═══ DATASET ENTRIES ═══
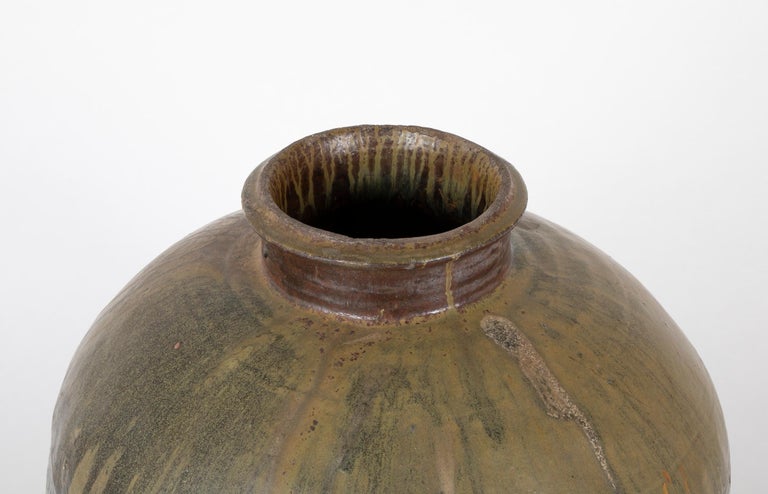 19th Century Japanese Large Scale Green Glazed Ceramic Storage Jar For Sale 1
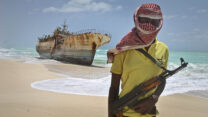 פיראט סומלי (צילום ארכיון: AP Photo/Farah Abdi Warsameh, File)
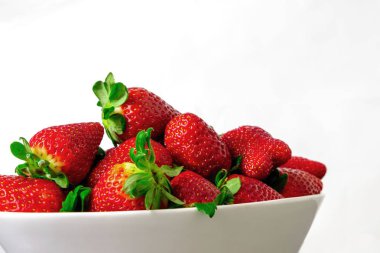 Beyaz arka planlı beyaz kasede çilek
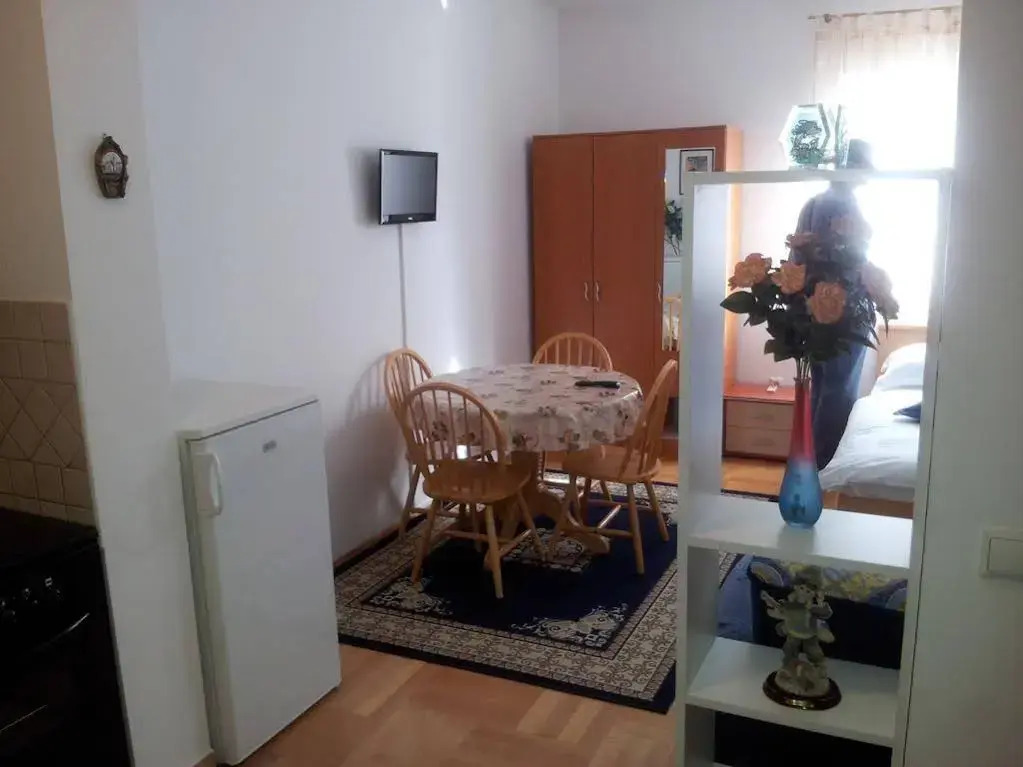 Apartment Ariana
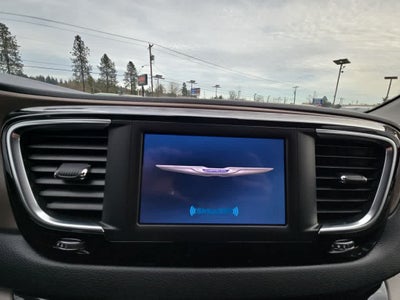 2024 Chrysler Voyager LX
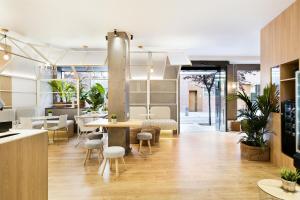 a dining room with a table and chairs at Hotel Acta Laumon in Barcelona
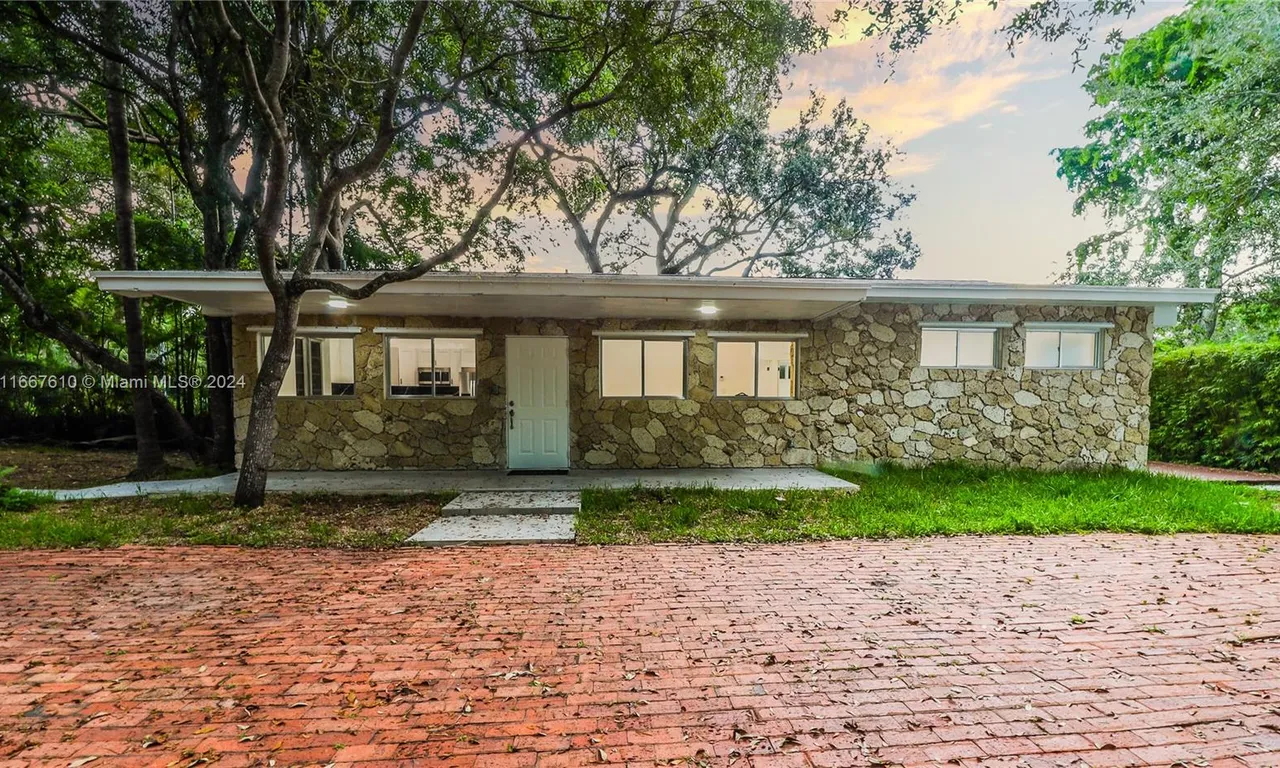 7031 SW 63rd Ct, South Miami FL 33143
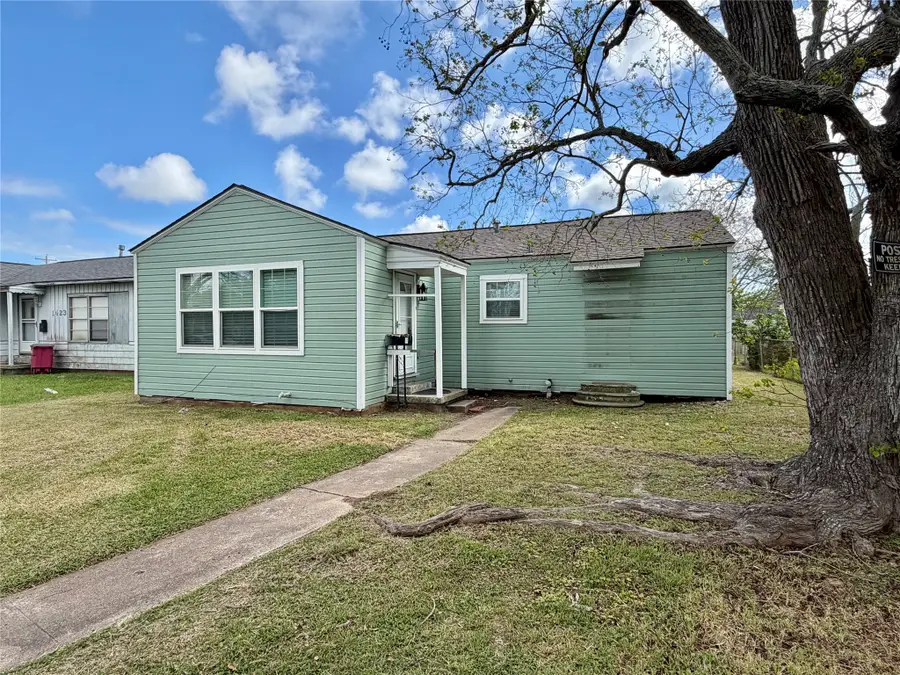 1427 W 7th Street, Freeport, TX 77541 - #3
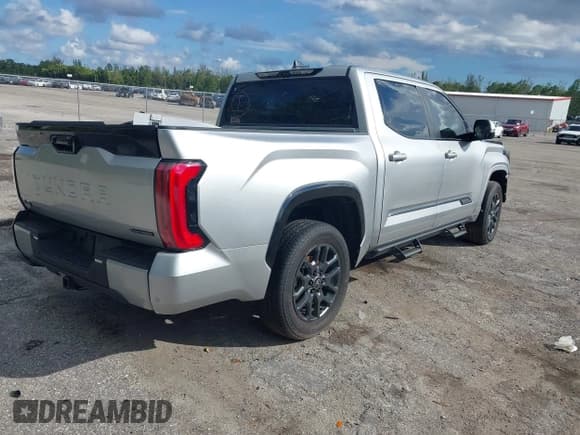 ✅ 2025 Toyota Tundra Platinum Hybrid • VIN: 5TFNC5DB3SX093824 • Lot: 43479760. Wystawiony na IAAI z przebiegiem Nie podano. Bezpłatny archiwum sprzedaży aukcyjnych z USA i szczegółowy raport historii pojazdu na DreamBid. Zdjęcie 4.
═══
**ACTIVITY:**
After locating the line containing "2024 Chrysler Voyager LX" in the entries above, repeat only it and each later line through the end, exactly, without any pictures.

**OUTPUT:**
 2024 Chrysler Voyager LX
 a dining room with a table and chairs at Hotel Acta Laumon in Barcelona
 7031 SW 63rd Ct, South Miami FL 33143
 1427 W 7th Street, Freeport, TX 77541 - #3
 ✅ 2025 Toyota Tundra Platinum Hybrid • VIN: 5TFNC5DB3SX093824 • Lot: 43479760. Wystawiony na IAAI z przebiegiem Nie podano. Bezpłatny archiwum sprzedaży aukcyjnych z USA i szczegółowy raport historii pojazdu na DreamBid. Zdjęcie 4.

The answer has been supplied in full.